All of the listing must be given again exactly, except that the images are dropped.

● **Collected material**
[Start of section]
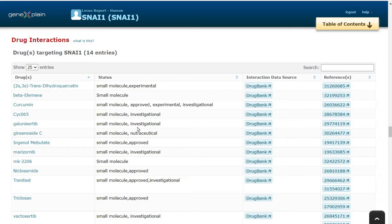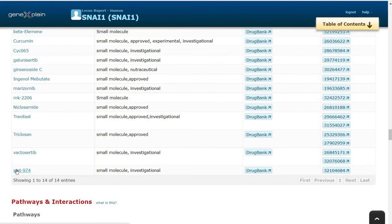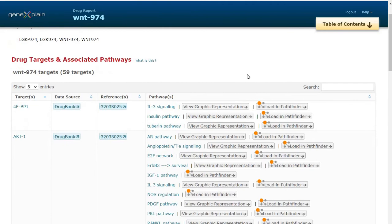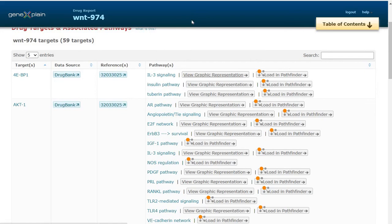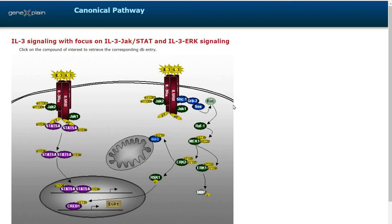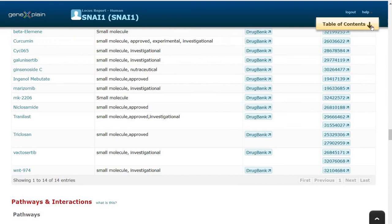SNAI1 is known to interact with several small molecules as shown here. 14 molecules with references from where this information is curated. We can open a drug molecule, say WNT974, and we can see the associated pathways and targets for this particular drug in this list. The pathways can be clicked and we can visualize the pathways within the platform from the report.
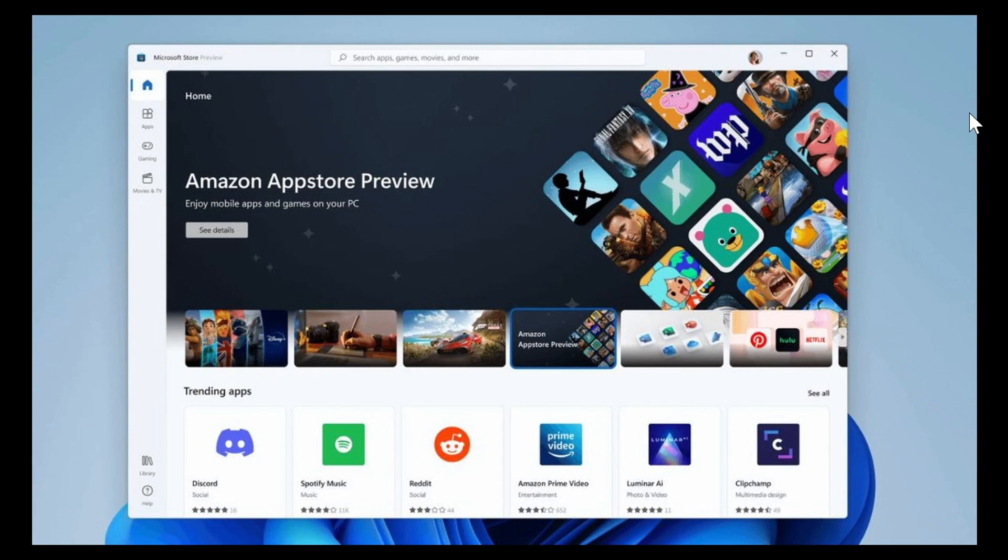If you live in the United States, or if you use a little trick and just go in your settings and put your region as United States, you should actually see the Amazon Store app for Android apps within Windows 11. It is now in beta.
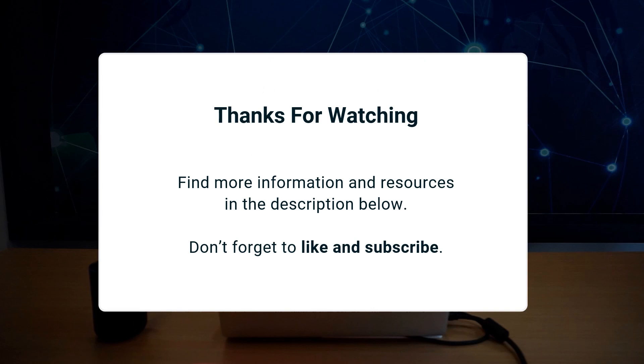We appreciate that everyone is busy, so thank you for taking the time to watch. For more information and resources, check out the description below. And don't forget to like and subscribe.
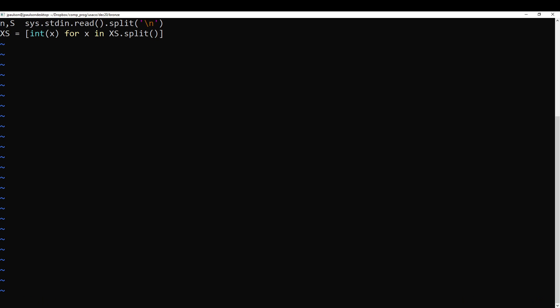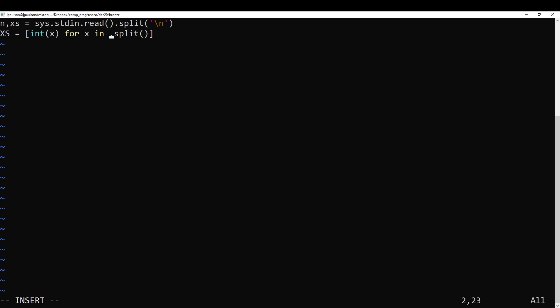So we need two lines, and then we need the second line split into different numbers.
[End of section]
● **Answer to the exercise**
SNAI1 is known to interact with several small molecules as shown here. 14 molecules with references from where this information is curated. We can open a drug molecule, say WNT974, and we can see the associated pathways and targets for this particular drug in this list. The pathways can be clicked and we can visualize the pathways within the platform from the report.
If you live in the United States, or if you use a little trick and just go in your settings and put your region as United States, you should actually see the Amazon Store app for Android apps within Windows 11. It is now in beta.
We appreciate that everyone is busy, so thank you for taking the time to watch. For more information and resources, check out the description below. And don't forget to like and subscribe.
So we need two lines, and then we need the second line split into different numbers.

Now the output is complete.